**To do:** Every line in the data below has to be repeated exactly; no picture belongs in the result.

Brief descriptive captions
-.-.-

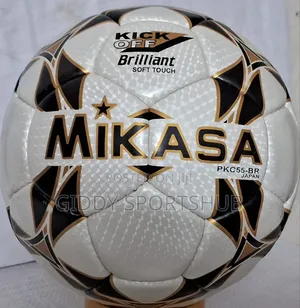 Football Mikasa Pkc55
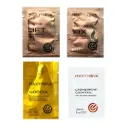 Mini Discovery Kit - kit di prova per Laminazione ciglia e Sopracciglia, Uso Professionale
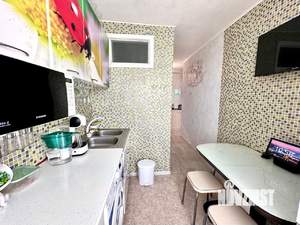 1-к квартира, вторичка, 30м2, 4/5 этаж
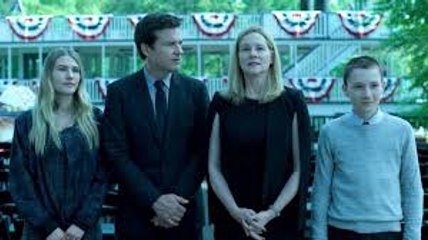 Live/Stream - Ozark Season 2 Episode 8 : The Big Sleep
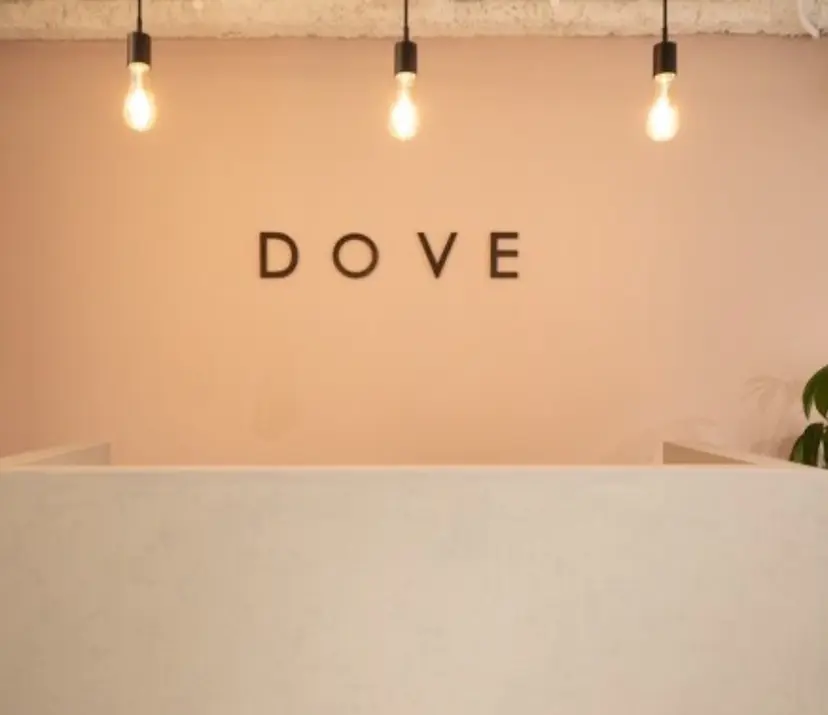 DOVE maiの掲載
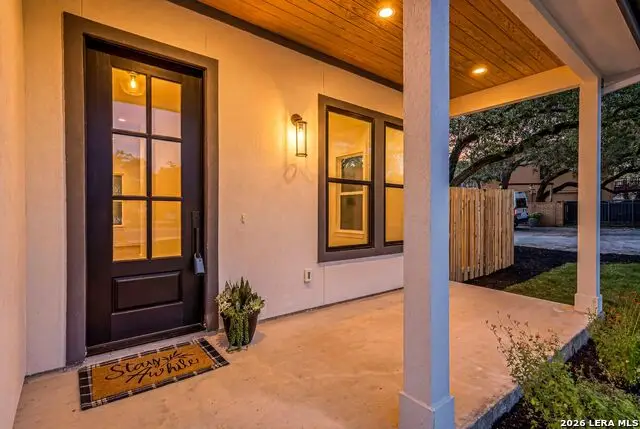 4203 Honeycomb St, San Antonio, TX 78230 - #3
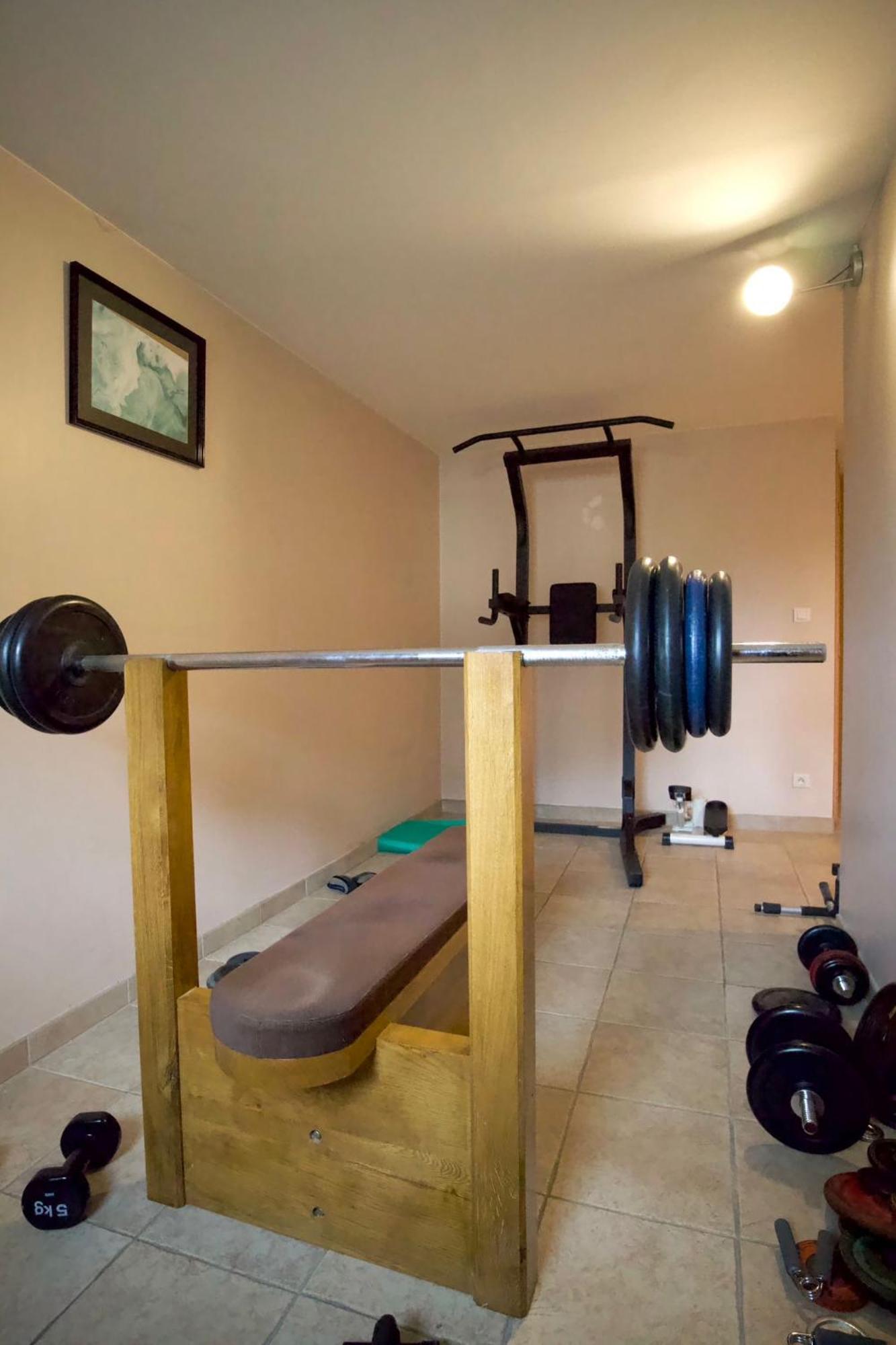 Loft Haut De Gamme Entre Verdure Et Ville Chaudefontaine  Dış mekan fotoğraf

-.-.-

**Answer for the task:**
 Football Mikasa Pkc55
 Mini Discovery Kit - kit di prova per Laminazione ciglia e Sopracciglia, Uso Professionale
 1-к квартира, вторичка, 30м2, 4/5 этаж
 Live/Stream - Ozark Season 2 Episode 8 : The Big Sleep
 DOVE maiの掲載
 4203 Honeycomb St, San Antonio, TX 78230 - #3
 Loft Haut De Gamme Entre Verdure Et Ville Chaudefontaine  Dış mekan fotoğraf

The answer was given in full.